On Wed, Jul 15, 2020 at 11:24:17AM +1000, Chris Angelico wrote:
It's correct far more often than you might think. There's a LOT of code out there where the Python source code has the exact same external access permissions as its config files - often because there's no access to either.
Um, yes? Safe use-cases is not the issue here. It's the unsafe use-cases that are important. Especially the use-cases that people may think are safe but actually aren't.
To stick to the seat belt analogy for a moment... we don't reject seat belts in cars because most of the time cars are safely parked in a garage. We add them for the times that cars are in motion at speed.
Improving the security of pickle shouldn't be done for the sake of cases where the security of pickle is irrelevent. It should be done for the sake of cases where it is necessary, especially for those cases where the developer thinks that security isn't necessary, but they are mistaken.
So if you're distributing your code, then maybe you don't use pickle.
Sure. What do I use to serialise my complex data structure? I guess I could write out the repr and then call eval on it, that should be fine... *wink*
Okay, let's say that somebody else did the work. Some awfully clever chappy found a way to add a magical "pickle.safeload()" function that did everything needed, safely. Would you oppose it?
(The old unsafe one would presumably have to remain for backwards compatibility, or for the cases which are inherently unsafe.)
I would ask them which laws of physics they violated, since pickle inherently has to be able to execute arbitrary code in order to be able to do everything it needs to.
I'm not a pickle expert, but I don't think that's quite right. pickle has to be able to execute arbitrary code in order to be able to de-serialise arbitrary pickles, but that doesn't mean it has to de-serialise arbitrary pickles if you aren't expecting arbitrary pickles.
Random beat it to me by suggesting a white-list, but I was thinking the same way. The pickle protocol has to be able to deal with arbitrary instances, but very few apps using pickle need to, or want to, accept arbitrary instances. If my app serialised Widgets and Gadgets, then it ought to be an error to attempt to deserialise anything else.
Then all I need do is ensure that the Widget and Gadget classes are secure, not the entire Python universe :-)
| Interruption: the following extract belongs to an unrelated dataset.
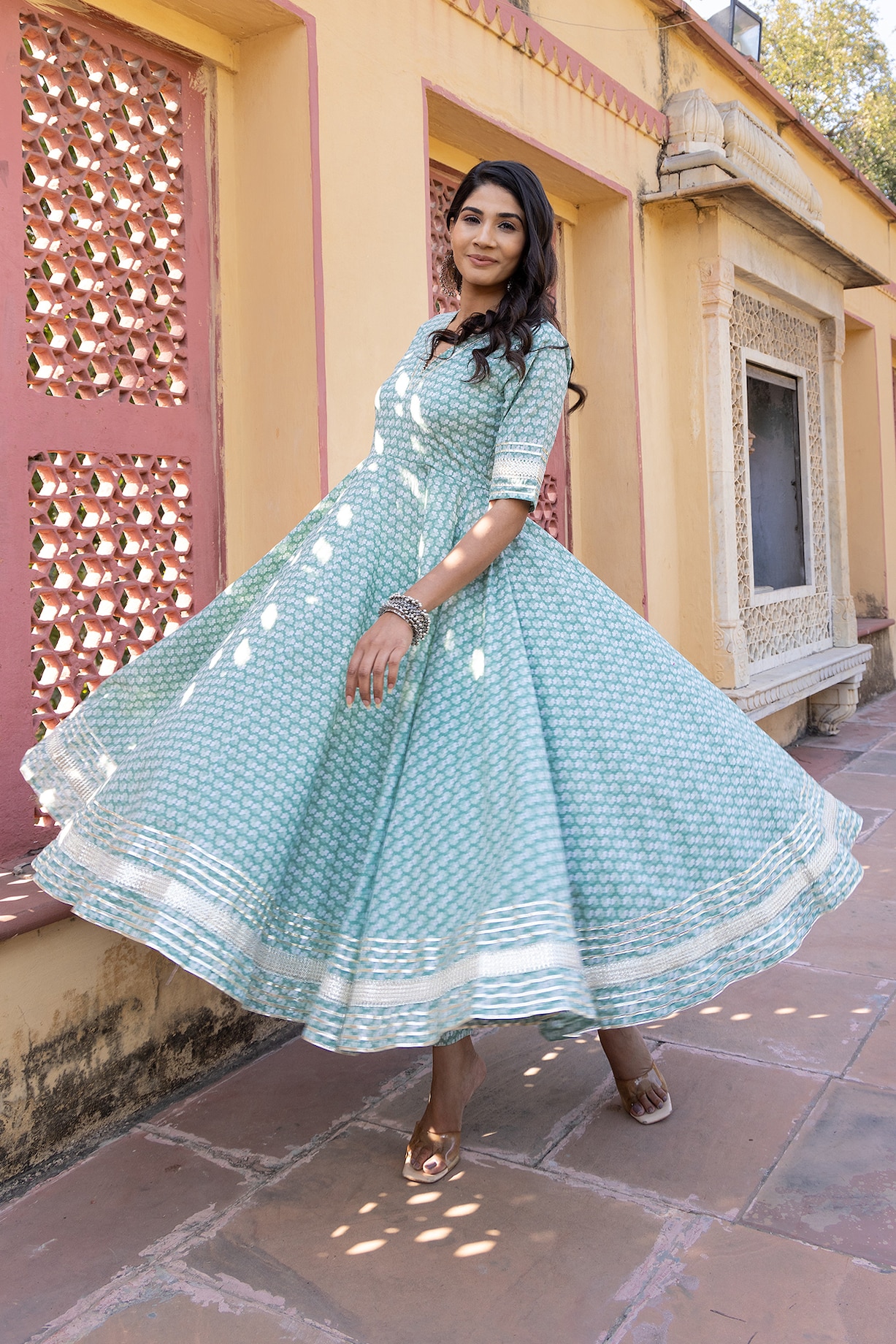 Pomcha Jaipur - Powder Blue Embroidered Designer Anarkali Set for Women at Pernia's Pop-Up Shop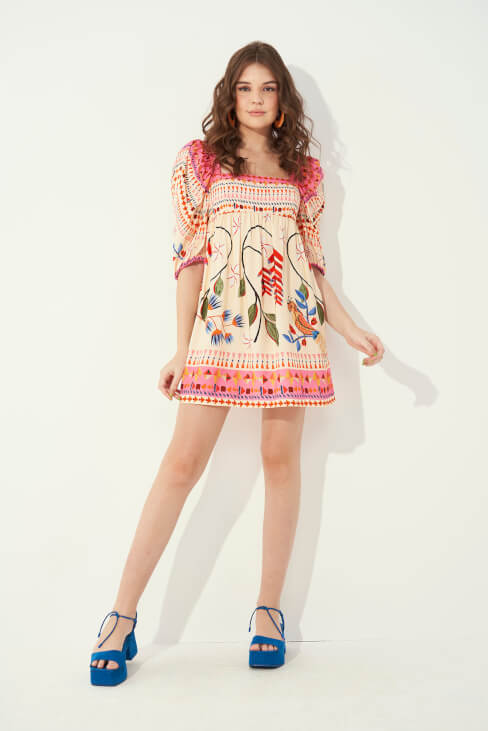 Boho Leaf Print Dress — Rental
As I said, I'm not an expect, but five minutes reading this:
allows me to confidently pontificate on the subject *wink*
The depickling virtual machine (pickle machine or PM) is not Turing complete. It has no loops or conditionals. It's a dumb machine that takes a sequence of op-codes, executing them in order, and then halt.
The GLOBAL op-code (by default) will import any module, and use any function from that module. That's dangerous; an option to restrict what modules and functions can be called by the PM would go a long way to reducing the attack surface of pickle. (I think.)
Random's idea of white-listing seems like a promising approach to me. Even if it doesn't make pickle "safe" in some absolute sense, it will make it *less unsafe* and reduce the attack surface for people using pickle.
Security is always about tradeoffs, and we shouldn't let the idea of some unattainable perfectly secure pickle get in the way of improving the safety of pickle.
If someone claims they've created a way to allow untrusted users to insert code into your Python programs and have it execute, but they've made it safe, would you oppose its inclusion in the stdlib?
But that's not really what we're asking for. We're asking for a way to *avoid* executing arbitrary code, while still allowing *trusted* objects to be depickled.
You want "pickle but magically able to know what's safe and what's not"?
Of course not. But maybe I want to be able to tell pickle what I think is safe, and have everything else fail.